In a big win for the rideshare industry, Partner Rob Boroff with the assistance of Associate Sam Dodoo received summary judgment in three separate cases on behalf of Uber Technologies, Inc. (“Uber”) and Rasier, LLC (“Rasier”). In granting summary judgment, the courts ruled that Uber and Rasier could not be vicariously liable for the underlying negligence of drivers who utilize the Uber App because an employment or agency relationship with drivers did not exist as a matter of law. These decisions set the precedent for and confirm what the Ohio General Assembly intended in R.C. 4925.10—that drivers who utilize rideshare applications such as the Uber App are independent contractors and that transportation network companies (“TNC”) should not be vicariously liable for an independent driver’s negligence.

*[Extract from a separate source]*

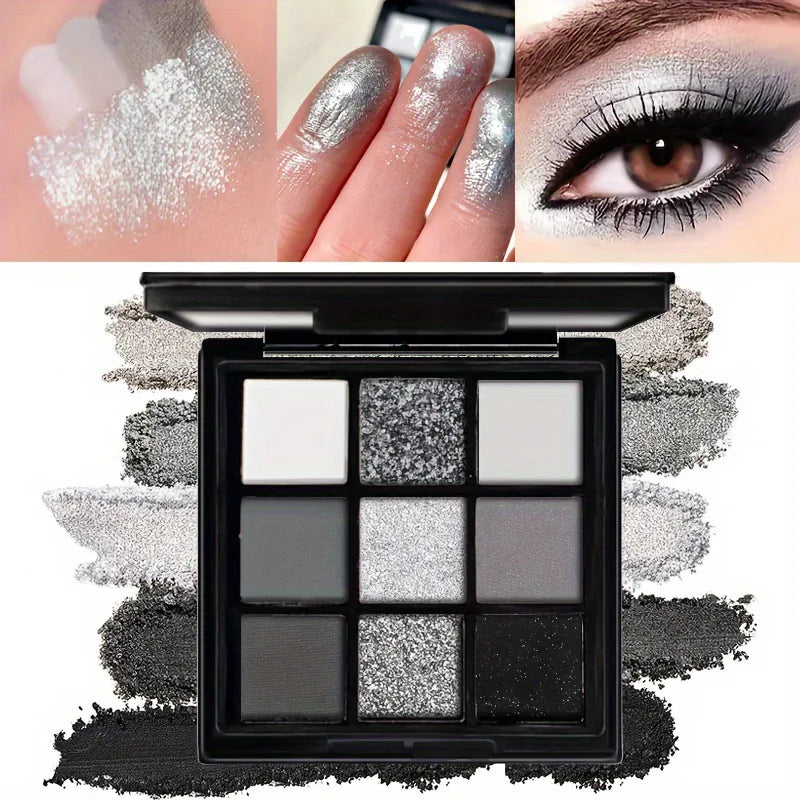 9 Colors Eye Shadow Palette Dark Black Grey Silvery Shimmer Matte Finish Smokey Style for Stage Party Performance Makeup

In Erie Ins. Co. v. Ratchford, Stark C.P., No. 2020CV00853 (consolidated with 20CV00863) (Sept. 28, 2021), the plaintiffs alleged that the co-defendant driver who was utilizing the Uber App at the time of a motor vehicle accident was an employee or agent of Uber and Rasier so that they should be vicariously liable for the driver’s purported negligence. Uber and Rasier filed a motion for summary judgment, and while the court recognized that whether an employment or agency relationship existed was “a case of first impression in the state of Ohio,” such an issue was “uncomplicated.”

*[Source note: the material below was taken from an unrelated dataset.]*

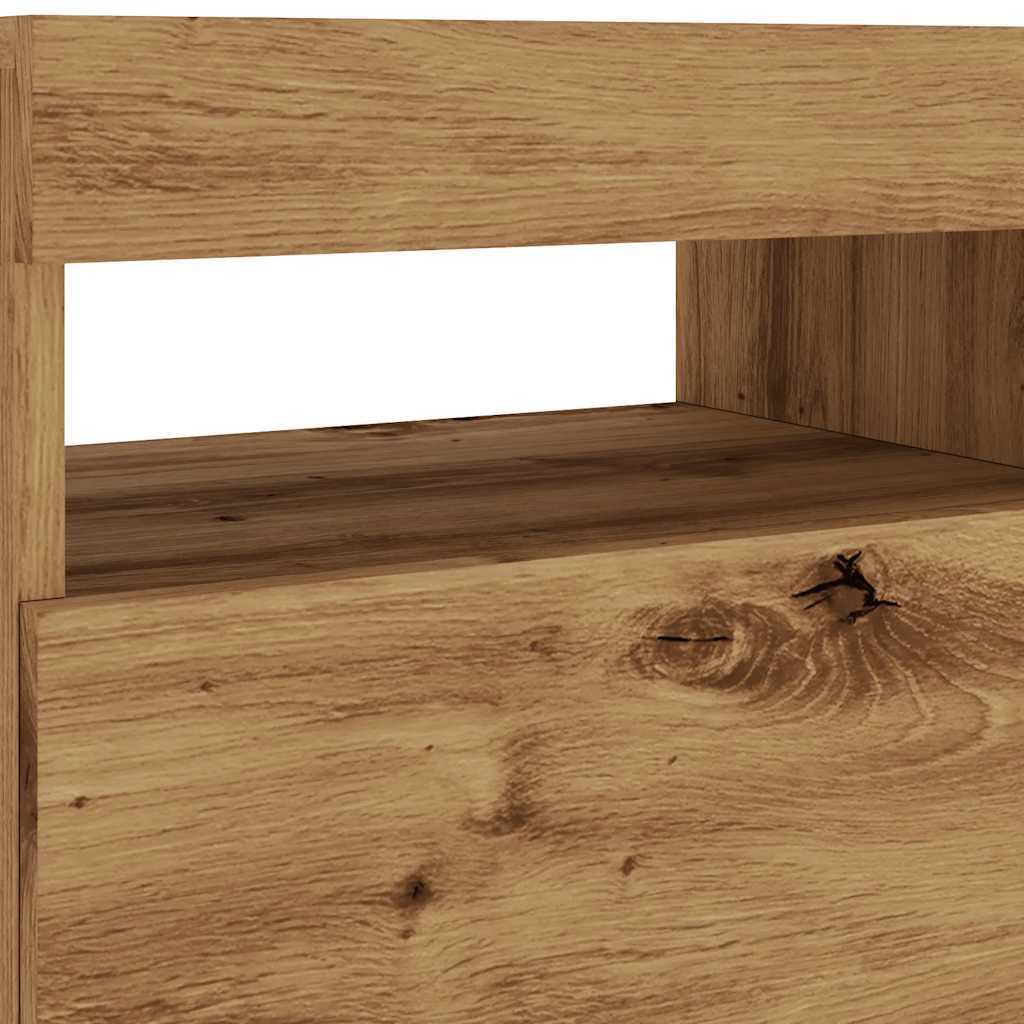 TV Cabinet with LED Lights Artisan Oak 90x35x40 cm Engineered Wood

In granting Uber and Rasier’s motion for summary judgment, the court concluded that R.C. 4925.10 was “directly on point,” “clear and unambiguous,” and that it alone warranted summary judgment. The court specifically held that R.C. 4925.10(B) sets forth “without condition, limitation, or qualification,” that drivers utilizing the Uber App “are not agents except where agreed to by written contract.” Because the only contract the driver entered into defined the relationship as that of an independent contractor, the court determined that there was no employment or agency relationship. Consequently, Uber and Rasier could not be vicariously liable for the driver’s underlying negligence.

Interestingly, the court also held that applying the common law control factors test espoused in Bostic v. Connor, 37 Ohio St.3d 144, 146, 524 N.E.2d 881, 884 (1988) would be “inappropriate” given the clear and unambiguous language of R.C. 4925.10(B), and it concluded that “even if a Bostic analysis were undertaken here, the result would be the same, because the Bostic factors overwhelmingly demonstrate independent contractor status.” Of note, the court also rejected the notion that Uber’s Community Guidelines somehow established an employment relationship given that they are simply “guidelines” and apply to “all Uber platform users,” including both riders and drivers.

Similarly, in Michot v. James River Ins. Co., Summit C.P., No. CV-2019-11-4429 (Oct. 4, 2021), the plaintiff, a passenger in a vehicle being driven by the co-defendant driver utilizing the Uber App alleged that an employment and agency relationship existed so that Uber and Rasier should be vicariously liable for the co-defendant driver’s underlying negligence. Like Ratchford, the judge in Michot granted Uber and Rasier summary judgment by relying upon R.C. 4925.10(B) and concluding that the co-defendant driver was neither an employee nor agent of Uber and Rasier. The court also flatly rejected the plaintiff’s argument that, when applying the Bostic common law factors, Uber and Rasier exerted sufficient control over the co-defendant driver to create an agency relationship and become vicariously liable for his alleged negligence.

Finally, the court in Giffin v. Uber Technologies, Inc., Summit C.P., No. CV-2019-06-2295 (Sept. 29, 2021) granted Uber and Rasier summary judgment after finding as a matter of law that the co-defendant driver who was utilizing the Uber App at the time of an accident was nothing other than an “independent contractor.” In reaching this decision, the court specifically criticized the plaintiff’s reliance upon certain actions undertaken by Uber and Rasier as evidence of “control” since they all involved requirements mandated by R.C. 4925.01 et seq. The court correctly held that compliance with state and federal law does not demonstrate the type of control necessary to establish an employment relationship between parties

The decisions in Ratchford, Michot, and Giffin are significant because they are the first cases following the enactment of R.C. 4925.10 to address and analyze whether drivers for TNCs and rideshare companies are indeed independent contractors and the rulings should be relied upon by TNCs and rideshare companies to obtain dismissal or summary judgment on the issue of vicarious liability.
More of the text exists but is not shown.